◆ Exercise data:
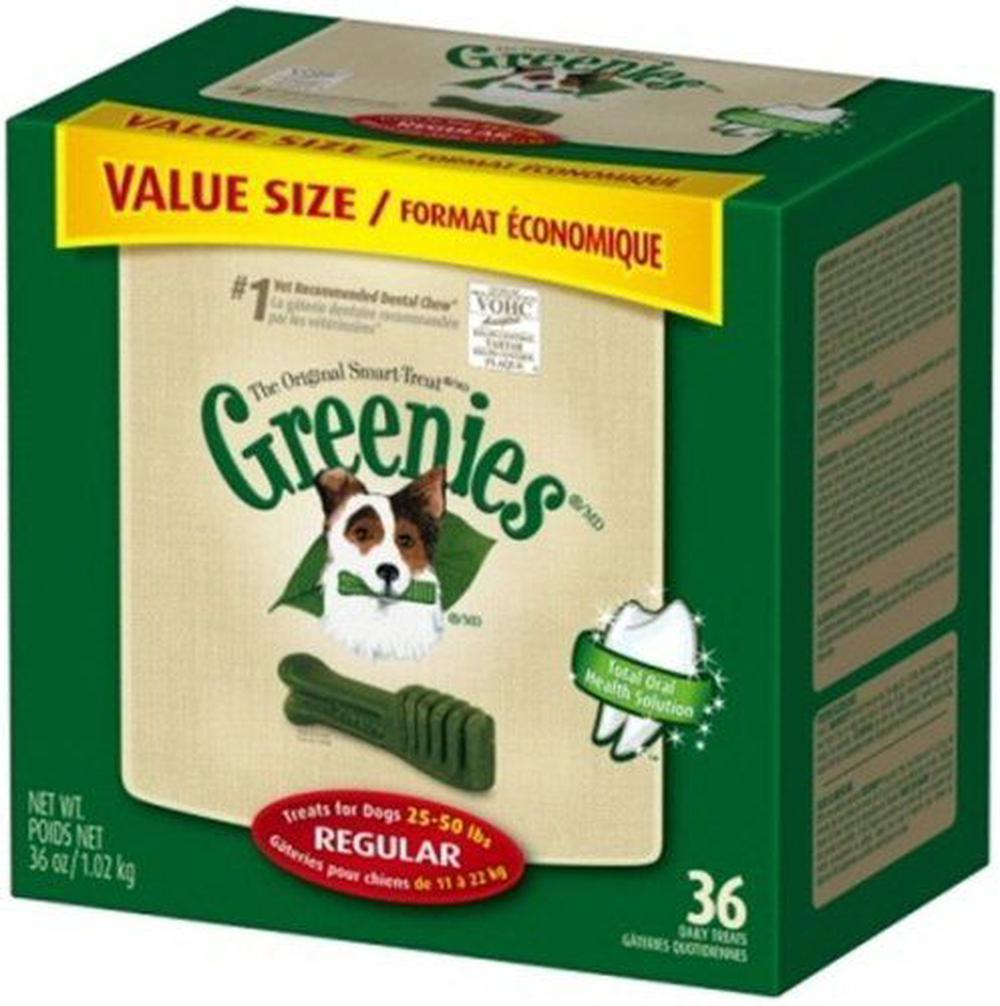 GREENIES Original Canine Dental Chews - Regular Size - Value Tub (1065ml.) - 36 Count, 0642863101045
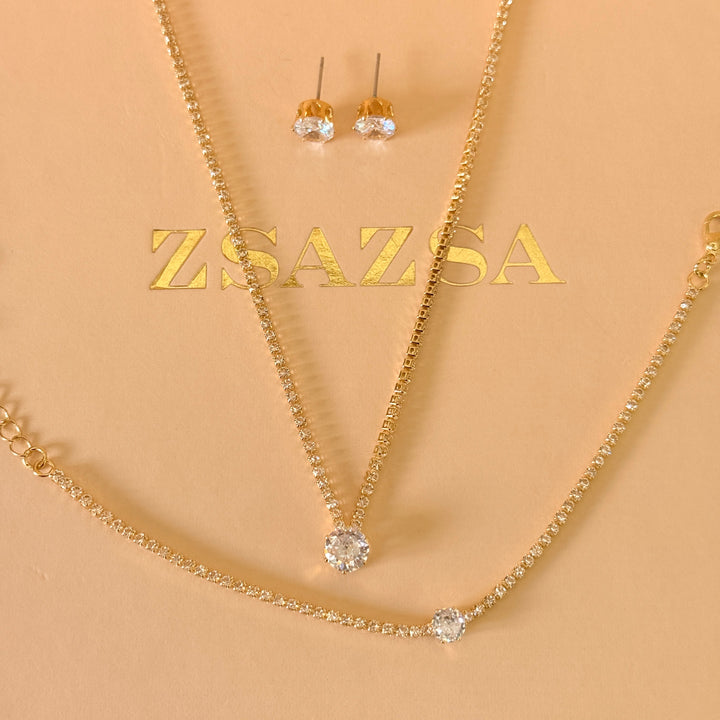 Dainty zircone gold plated set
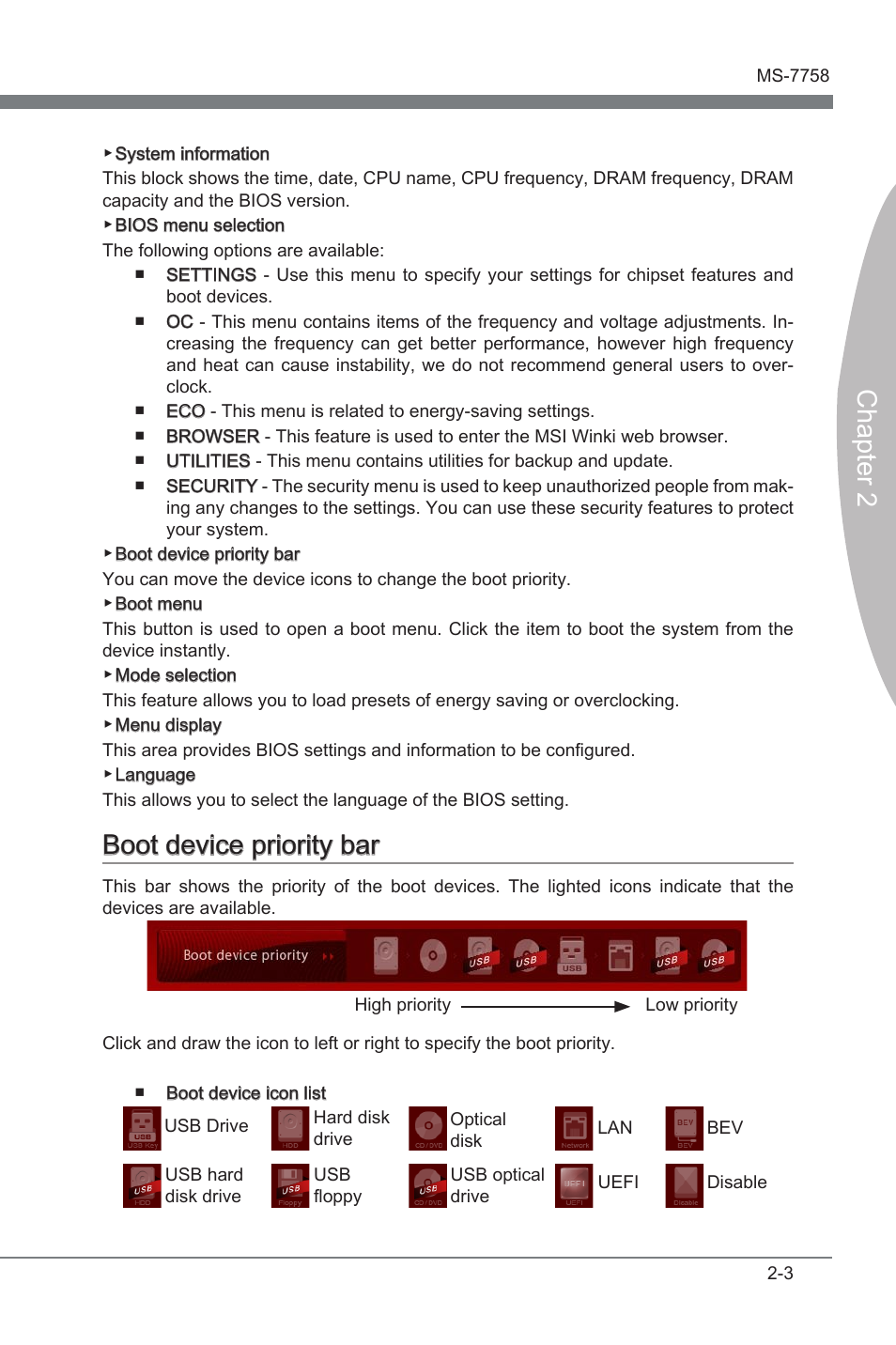 Boot device priority bar, Boot devce prorty bar -3, Chapter 2 | Boot devce prorty bar | MSI Z77A-G43 GAMING User Manual | Page 47 / 98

◆ Task:
Omit all images when repeating the data above exactly.

◆ Output:
 GREENIES Original Canine Dental Chews - Regular Size - Value Tub (1065ml.) - 36 Count, 0642863101045
 Dainty zircone gold plated set
 Boot device priority bar, Boot devce prorty bar -3, Chapter 2 | Boot devce prorty bar | MSI Z77A-G43 GAMING User Manual | Page 47 / 98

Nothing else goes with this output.